Over dinner at a state guesthouse, Mr Iger offered a more conciliatory approach, setting the tone for the next phase of talks.

After that, Disney substantially dialled back its demands. In addition to handing over a large piece of the profit, the company would give the government a role in running the park. Disney was also prepared to drop its long-standing insistence on a television channel.

For Disney, such moves were once unthinkable. Giving up on the Disney Channel meant abandoning the company's proven brand- building strategy. "We're kidding ourselves if we think we're going to get everything we want," Mr Iger recalled saying at the time.

His trip and the new attitude in the talks that followed appeased Chinese officials. Before long, they had struck a landmark deal to build the US$5.5-billion (S$7.4-billion) Shanghai Disney Resort, opening China to a singularly American brand and setting the pace for multinational companies to do business in the country.

The Shanghai park, which opened on Thursday, has become mission critical for Disney as it faces business pressures in other areas such as cable.

It is designed to be a machine in China for the Disney brand, with a manicured Magic Kingdom-style park, ToyStory-themed hotel and Mickey Avenue shopping arcade. More than 330 million people live within a three-hour drive or train ride, and Disney is bent on turning them into lifelong consumers.

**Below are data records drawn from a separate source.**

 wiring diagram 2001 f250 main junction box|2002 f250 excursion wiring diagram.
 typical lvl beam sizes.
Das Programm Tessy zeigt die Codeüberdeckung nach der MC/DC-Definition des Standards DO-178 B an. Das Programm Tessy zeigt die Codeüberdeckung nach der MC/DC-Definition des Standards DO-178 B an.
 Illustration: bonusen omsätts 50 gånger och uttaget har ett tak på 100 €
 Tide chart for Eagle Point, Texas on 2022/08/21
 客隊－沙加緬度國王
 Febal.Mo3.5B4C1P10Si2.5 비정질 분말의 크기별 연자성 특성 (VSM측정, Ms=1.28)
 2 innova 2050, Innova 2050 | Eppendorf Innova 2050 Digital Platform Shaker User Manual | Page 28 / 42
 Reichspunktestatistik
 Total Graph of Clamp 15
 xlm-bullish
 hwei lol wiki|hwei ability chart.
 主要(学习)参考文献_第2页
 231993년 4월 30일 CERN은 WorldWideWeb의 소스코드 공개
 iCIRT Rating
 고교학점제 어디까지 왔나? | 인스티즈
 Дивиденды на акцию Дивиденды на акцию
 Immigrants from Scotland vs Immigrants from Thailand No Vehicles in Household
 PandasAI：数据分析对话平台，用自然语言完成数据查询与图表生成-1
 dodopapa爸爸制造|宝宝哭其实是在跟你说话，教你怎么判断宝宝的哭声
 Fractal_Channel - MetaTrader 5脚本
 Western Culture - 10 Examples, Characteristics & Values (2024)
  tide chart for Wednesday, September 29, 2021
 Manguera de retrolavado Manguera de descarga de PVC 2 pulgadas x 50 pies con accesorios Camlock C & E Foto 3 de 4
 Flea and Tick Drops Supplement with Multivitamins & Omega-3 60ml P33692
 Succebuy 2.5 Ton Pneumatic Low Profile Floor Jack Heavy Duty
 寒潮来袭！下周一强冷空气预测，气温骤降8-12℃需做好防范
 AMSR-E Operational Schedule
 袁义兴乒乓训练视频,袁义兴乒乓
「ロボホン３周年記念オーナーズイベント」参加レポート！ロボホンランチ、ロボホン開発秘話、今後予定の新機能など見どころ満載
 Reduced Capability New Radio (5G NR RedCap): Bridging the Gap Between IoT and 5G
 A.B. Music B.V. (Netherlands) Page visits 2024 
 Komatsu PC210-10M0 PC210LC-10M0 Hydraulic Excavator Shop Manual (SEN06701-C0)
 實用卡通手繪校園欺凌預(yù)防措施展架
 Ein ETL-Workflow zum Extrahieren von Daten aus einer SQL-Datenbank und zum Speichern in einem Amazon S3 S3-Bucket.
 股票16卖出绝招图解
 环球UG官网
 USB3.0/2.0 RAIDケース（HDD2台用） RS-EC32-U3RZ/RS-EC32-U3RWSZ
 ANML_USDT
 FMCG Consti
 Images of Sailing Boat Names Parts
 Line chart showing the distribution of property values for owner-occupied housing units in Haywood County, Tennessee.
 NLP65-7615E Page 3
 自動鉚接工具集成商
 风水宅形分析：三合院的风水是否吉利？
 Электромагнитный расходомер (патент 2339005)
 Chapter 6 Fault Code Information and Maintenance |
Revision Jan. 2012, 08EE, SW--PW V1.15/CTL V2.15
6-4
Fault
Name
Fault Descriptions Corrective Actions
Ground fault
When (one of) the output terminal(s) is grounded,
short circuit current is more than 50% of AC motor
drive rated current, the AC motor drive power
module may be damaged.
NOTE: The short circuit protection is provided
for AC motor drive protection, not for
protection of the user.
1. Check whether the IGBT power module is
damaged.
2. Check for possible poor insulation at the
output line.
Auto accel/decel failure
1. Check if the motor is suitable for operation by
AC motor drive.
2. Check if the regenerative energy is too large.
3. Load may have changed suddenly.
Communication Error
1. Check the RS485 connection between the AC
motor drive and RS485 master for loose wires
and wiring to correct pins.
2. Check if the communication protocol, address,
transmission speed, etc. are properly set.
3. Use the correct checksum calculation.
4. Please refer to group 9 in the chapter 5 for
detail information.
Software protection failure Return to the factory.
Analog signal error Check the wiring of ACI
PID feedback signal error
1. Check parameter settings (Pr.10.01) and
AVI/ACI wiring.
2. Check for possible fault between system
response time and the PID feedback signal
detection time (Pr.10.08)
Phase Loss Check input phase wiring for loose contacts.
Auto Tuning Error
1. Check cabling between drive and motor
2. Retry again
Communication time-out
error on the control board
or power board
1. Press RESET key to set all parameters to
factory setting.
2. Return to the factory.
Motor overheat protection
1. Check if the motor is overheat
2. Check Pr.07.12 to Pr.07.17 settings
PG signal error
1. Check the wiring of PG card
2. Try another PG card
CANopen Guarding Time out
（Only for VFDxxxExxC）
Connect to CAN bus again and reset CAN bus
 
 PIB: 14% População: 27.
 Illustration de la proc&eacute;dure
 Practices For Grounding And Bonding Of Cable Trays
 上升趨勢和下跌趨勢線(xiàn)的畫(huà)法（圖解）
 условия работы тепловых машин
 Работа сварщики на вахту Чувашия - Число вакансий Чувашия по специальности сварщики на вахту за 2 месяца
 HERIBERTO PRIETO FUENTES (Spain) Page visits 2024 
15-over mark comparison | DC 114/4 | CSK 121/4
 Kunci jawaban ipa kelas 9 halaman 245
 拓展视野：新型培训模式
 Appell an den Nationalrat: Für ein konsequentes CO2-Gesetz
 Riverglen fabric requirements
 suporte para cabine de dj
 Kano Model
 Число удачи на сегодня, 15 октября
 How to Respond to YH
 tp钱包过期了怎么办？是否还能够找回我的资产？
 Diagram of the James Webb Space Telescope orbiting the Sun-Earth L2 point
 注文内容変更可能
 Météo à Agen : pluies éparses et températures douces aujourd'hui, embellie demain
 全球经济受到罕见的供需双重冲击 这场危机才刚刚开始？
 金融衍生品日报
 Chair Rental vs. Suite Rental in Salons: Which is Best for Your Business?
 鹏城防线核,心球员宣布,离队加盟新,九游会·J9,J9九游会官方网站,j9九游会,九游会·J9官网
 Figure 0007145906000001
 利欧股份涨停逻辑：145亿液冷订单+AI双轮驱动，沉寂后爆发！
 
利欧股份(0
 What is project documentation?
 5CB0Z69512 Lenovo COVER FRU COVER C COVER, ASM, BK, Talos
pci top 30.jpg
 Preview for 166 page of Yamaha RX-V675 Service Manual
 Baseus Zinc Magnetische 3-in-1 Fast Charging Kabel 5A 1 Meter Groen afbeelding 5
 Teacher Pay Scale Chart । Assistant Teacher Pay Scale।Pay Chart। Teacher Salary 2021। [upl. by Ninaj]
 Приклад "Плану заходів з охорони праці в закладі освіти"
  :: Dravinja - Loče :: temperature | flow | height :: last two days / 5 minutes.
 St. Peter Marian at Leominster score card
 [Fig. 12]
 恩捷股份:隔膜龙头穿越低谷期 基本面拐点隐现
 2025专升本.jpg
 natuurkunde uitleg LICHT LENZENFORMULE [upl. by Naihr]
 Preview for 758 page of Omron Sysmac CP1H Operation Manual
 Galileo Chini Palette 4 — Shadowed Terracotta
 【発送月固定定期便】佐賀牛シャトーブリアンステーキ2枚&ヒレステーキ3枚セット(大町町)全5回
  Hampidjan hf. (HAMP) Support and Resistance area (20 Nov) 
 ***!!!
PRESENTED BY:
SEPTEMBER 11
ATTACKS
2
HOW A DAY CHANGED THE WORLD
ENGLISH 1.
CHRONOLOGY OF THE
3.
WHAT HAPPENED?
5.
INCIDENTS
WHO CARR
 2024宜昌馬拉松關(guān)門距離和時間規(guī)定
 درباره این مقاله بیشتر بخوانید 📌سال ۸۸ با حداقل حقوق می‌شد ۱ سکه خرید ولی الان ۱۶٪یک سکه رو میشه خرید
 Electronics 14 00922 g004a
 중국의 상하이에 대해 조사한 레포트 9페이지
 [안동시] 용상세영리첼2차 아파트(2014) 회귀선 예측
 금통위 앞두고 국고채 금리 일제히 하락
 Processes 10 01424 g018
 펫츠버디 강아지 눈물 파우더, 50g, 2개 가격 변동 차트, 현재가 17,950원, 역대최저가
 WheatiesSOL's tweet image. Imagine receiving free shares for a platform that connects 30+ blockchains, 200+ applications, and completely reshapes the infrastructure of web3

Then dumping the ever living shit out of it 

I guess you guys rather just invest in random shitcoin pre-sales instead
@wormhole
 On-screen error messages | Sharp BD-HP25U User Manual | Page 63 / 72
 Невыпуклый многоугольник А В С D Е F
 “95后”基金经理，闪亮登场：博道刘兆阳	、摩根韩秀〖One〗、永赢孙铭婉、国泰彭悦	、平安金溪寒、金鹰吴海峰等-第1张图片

But Disney is sharing the keys to the Magic Kingdom with the Communist Party. While that partnership has made it easier to get things done in China, it has also given the government influence over everything from the price of admission to the types of rides at the park.

From the outset, Disney has catered to Chinese officials, who had to approve the park's roster of rides and who were especially keen to have a large-scale park that would appeal to more than children.

The Shanghai resort, which will be four times as big as Disneyland, has a supersize castle, a longer parade than any of the other five Disney resorts around the world and a vast central garden aimed at older visitors.

Worried that importing classic rides would reek of cultural imperialism, Disney left out stalwarts such as Space Mountain, the Jungle Cruise and It's A Small World. Instead, 80 per cent of the Shanghai rides, such as the Tron light- cycle roller coaster, are unique, a move that pleased executives at the company's Chinese partner, the state-owned Shanghai Shendi Group, who made multiple trips to Disney headquarters to hash out blueprint details.

Disney then ran with the idea, infusing the park with Chinese elements. The Shanghai resort's signature restaurant, the Wandering Moon Teahouse, has rooms designed to represent different areas of the country. The restaurant is billed as honouring the "restless, creative spirit" of Chinese poets.

Such accommodation of the Chinese is becoming increasingly common. A growing number of multinationals has agreed to cooperate with the state through alliances or joint ventures, in the hopes of gaining access to the world's second-largest economy, after the United States.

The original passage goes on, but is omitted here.